Endless glasses of wine

Strother had been drinking heavily when he met Melican. He’d pour his first drink around 8 a.m. and drink a few hours and fall asleep, Melican testified. Then he’d wake up and start again.

Melican once persuaded Strother to stop drinking for several months, calling it "the closest thing to a miracle." But when they celebrated the purchase of their boat, Strother had a glass of wine.

"That was it," Melican testified. "He never — he never — stopped having a glass of wine."

In August 2000, while on vacation with Melican in Cape Cod, Strother passed out in a chair. The next morning, he couldn’t speak. He was taken to a local hospital. Later he returned to Georgia and was admitted to Kennestone Hospital, according to testimony and court records.

After his release, Strother’s family got him around-the-clock care, arranging for two caregivers to stay with him in Kennesaw.

The caregivers, Bonnie Gordon and Amie Spears Lockett, have testified Strother continued to drink. He usually got his way, they said.

But toward the end of Strother’s life, his relationship with Melican became strained, Gordon testified. They argued on the phone, Melican wouldn’t come to visit and Strother would get so irate when he saw Melican’s monthly credit card charges, he would change the numbers on the cards, the caregivers said. But Melican would call him from Florida and he would relent, they said.

When Strother visited Melican in Florida, he would leave his caregivers behind. When Strother returned, at the airport he looked like a "homeless person" or a "pauper," the caregivers testified. He’d return without any of his possessions — "no suitcase, no wallet, no nothing," Lockett said.

Both caregivers also said that when Strother visited Melican in Florida, he’d return with bruises.

All the while, Strother kept drinking. No one could get him to stop.

S.J. Rosenbloom, Strother’s primary physician, said in a sworn statement that if Strother quit drinking cold turkey at this time, the shock to his system could have killed him.

But Douglas Salyers, a lawyer for Melican, disputed accounts that Strother had diminished capacity when he amended his wills. "Harvey Strother was not the incapacitated alcoholic portrayed in court filings by representatives of his estate," Salyers said in a statement.

One of those portrayals was made in a sworn statement by Walter Young, a veterinarian who befriended Strother during his trips to South Florida.

In December 2003, just days after Strother was wheeled into the law office to change his will, Young paid him a visit at his Marco Island condo. Melican and her brother were there, Young said in a statement he signed a year ago.

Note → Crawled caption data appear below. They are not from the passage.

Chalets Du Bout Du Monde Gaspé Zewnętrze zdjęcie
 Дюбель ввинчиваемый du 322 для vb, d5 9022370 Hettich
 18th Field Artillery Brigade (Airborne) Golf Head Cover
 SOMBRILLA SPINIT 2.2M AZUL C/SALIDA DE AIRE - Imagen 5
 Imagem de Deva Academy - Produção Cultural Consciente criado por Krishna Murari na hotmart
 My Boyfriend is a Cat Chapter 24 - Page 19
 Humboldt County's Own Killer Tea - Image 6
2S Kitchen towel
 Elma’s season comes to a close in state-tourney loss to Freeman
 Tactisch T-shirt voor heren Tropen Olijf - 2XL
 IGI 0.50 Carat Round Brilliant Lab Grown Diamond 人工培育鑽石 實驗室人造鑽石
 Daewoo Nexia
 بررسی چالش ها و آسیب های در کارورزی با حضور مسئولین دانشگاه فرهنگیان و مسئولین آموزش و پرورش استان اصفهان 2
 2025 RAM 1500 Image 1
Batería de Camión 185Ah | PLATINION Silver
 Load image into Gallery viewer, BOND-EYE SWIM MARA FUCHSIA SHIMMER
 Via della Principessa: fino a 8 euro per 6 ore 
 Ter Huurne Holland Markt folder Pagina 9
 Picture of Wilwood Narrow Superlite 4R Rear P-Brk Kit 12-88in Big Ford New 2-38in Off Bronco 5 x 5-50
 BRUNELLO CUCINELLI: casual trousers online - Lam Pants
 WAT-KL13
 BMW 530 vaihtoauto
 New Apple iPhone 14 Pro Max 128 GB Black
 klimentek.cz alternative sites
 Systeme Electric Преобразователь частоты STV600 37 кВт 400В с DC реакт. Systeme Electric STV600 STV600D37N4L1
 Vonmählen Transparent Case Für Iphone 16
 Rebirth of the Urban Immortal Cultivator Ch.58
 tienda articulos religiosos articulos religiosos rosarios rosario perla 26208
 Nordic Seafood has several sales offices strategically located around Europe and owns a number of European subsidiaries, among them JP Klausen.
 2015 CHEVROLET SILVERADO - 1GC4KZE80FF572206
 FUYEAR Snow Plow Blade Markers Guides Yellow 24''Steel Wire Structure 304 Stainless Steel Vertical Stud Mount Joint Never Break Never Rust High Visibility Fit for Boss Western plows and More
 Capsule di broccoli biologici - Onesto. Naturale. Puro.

Strother sat in the dining room. He was incoherent, visibly drunk and wearing a diaper. On the table was a box of wine with a spigot, which Strother used to fill his 16-ounce plastic cup, Young said. At one point, Young said, Strother relieved himself in a urinal placed beneath him on the floor.

Young said he strongly urged Melican to get medical help. The next day, Strother told him, Young said, he would see a doctor when he returned on his next visit.

About two weeks before Strother died, Melican sent him back home to Kennesaw and went on vacation in Vail, Colo. She never saw him again.